Um texto será então julgado tanto mais difícil quanto mais ele exige uma fundamentação
histórica, política, filosófica e sociológica. Além disso, muitas vezes, o texto é apontado pelo professor
como difícil por características extrínsecas ao próprio processo da leitura. Em geral, são as
características formais do texto, principalmente, tamanho e tipo de edição (tipo e tamanho da fonte
usada, preenchimento da página, ilustrações, etc.) que são determinantes na caracterização inicial.
Um outro ponto importante a se observar é a relação que os professores estabelecem com os
autores dos textos. Certos autores, por razões nem sempre perceptíveis, são identificados como difíceis
para determinadas faixas etárias e apropriados para outras, sem qualquer preocupação com a avaliação
de cada um dos diferentes textos produzidos por aquele autor. Casos como o do próprio Monteiro Lobato
são exemplares desse efeito generalizador na literatura escolar atual. Caberia talvez discutirmos a
própria relação com a figura de um autor de textos na representação dos professores. Parece que
acostumados cada vez mais com a terceirização do saber que passa por eles mas não se torna parte de
suas experiências, o professor acostumou-se a usar o autor como um signo identificatório e não como
um sujeito que está produzindo um bem cultural consumível. Se perguntarmos a um professor de ensino
fundamental se ele conhece a teoria de Piaget, provavelmente, a resposta será positiva, mas, se em
seguida perguntarmos se já leu algum texto desse autor, provavelmente, teremos uma negativa.
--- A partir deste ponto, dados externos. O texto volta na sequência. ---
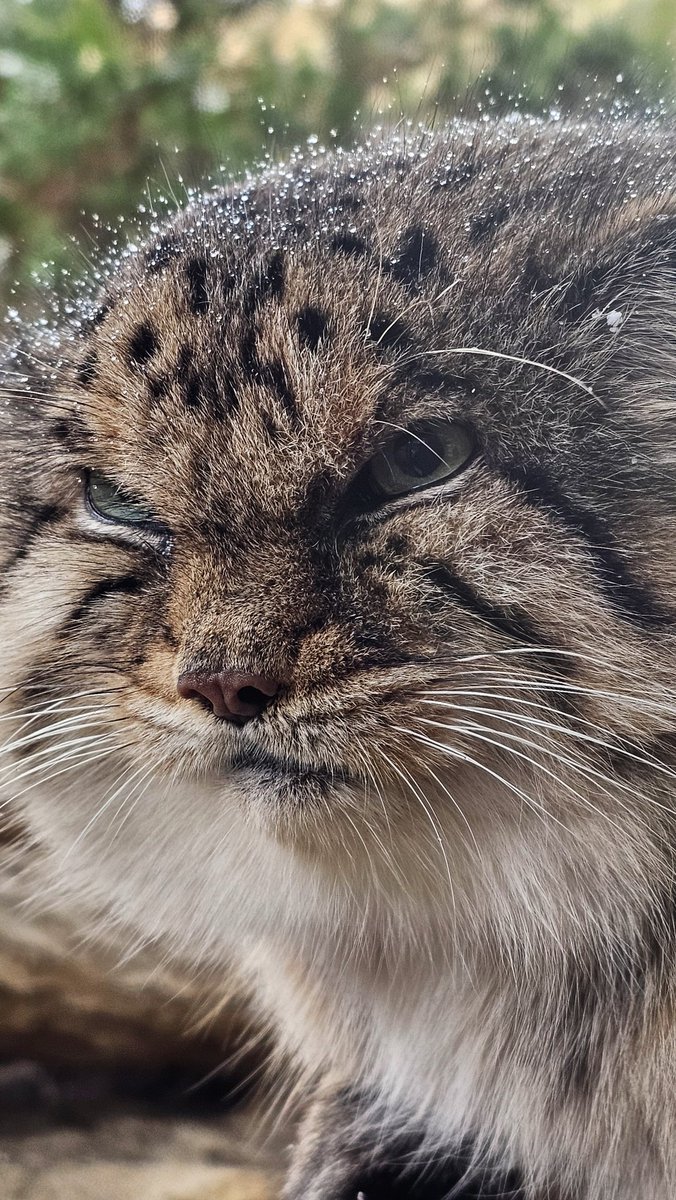 ten___0919's tweet photo. ボルくん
Talvez,
se insistirmos um pouco, poderemos ouvir a justificativa de que é um texto muito difícil.
Em um trabalho apresentado no último número da revista Leitura: Teoria e Prática da ALB,
Leitura na escola: crenças e práticas de professoras, a professora Esmeria Saveli, apontou para uma
relação muito importante entre as crenças dos professores a respeito da leitura e suas práticas cotidianas
na escola. Gostaria de ressaltar uma das crenças que foi analisada no texto e que considero interligada à
questão da leitura do texto difícil. Trata-se da suposição de que todo texto tem uma interpretação correta,
ou seja, “os textos são considerados como entes fechados em si mesmos” (2003, p 57). Segundo os
depoimentos de professores de terceira e quarta série o importante é apreender o pensamento do autor e
estabelecer uma interpretação do texto. A idéia de que há uma interpretação única e correta para o texto
tem um papel fundamental no desenvolvimento de bloqueios para a leitura de certos textos. Parece certo
supor que quanto mais um texto se afasta de uma escrita linear e puramente informativa, mais difícil ele
se torna para esse professor que acredita que o certo é encontrar a interpretação correta.
Uma das características dos textos de Lobato que foram analisados é exatamente sua estrutura
dialógica. Intencionalmente destituídos de únicas interpretações, ou opiniões, os textos de Lobato
procuram deixar o leitor boquiaberto, desconcertado e sem ter uma única resposta. Os diálogos de
Emília, Pedrinho, Narizinho, Dona Benta e outros personagens ao final das fabulas narradas é um
exemplo vivo do diálogo com fatos de nossa história e de nossa cultura. A dúvida é uma das metas que o
texto lobatiano procurou atingir na sua configuração. O texto como lugar da diferença e não da igualdade,
da discordância e da potência desorganizadora.
Numa visão iluminista da leitura a compreensão do texto é essencial para sua qualificação, mas
numa visão subjetiva da leitura o fundamental é o movimento entre a desorganização, provocada pelo
estranhamento e pelo desconforto do não saber, e a busca, pelo pensamento e pela sensibilidade, de
recomposição. Nas palavras de Proust, o que gostaríamos é que um texto “nos desse respostas, quando
tudo o que pode fazer é dar-nos desejos.” (1989, p.30)

Referências Bibliográficas:

GENETTE, Gerard. Figuras. São Paulo: Perspectiva, 1972.


PROUST, Marcel. Sobre a Leitura. Campinas: Pontes, 1989.
SAVELI, Esmeria L. “Leitura na escola: crenças e práticas de professores”. Leitura: Teoria e Prática/ALB.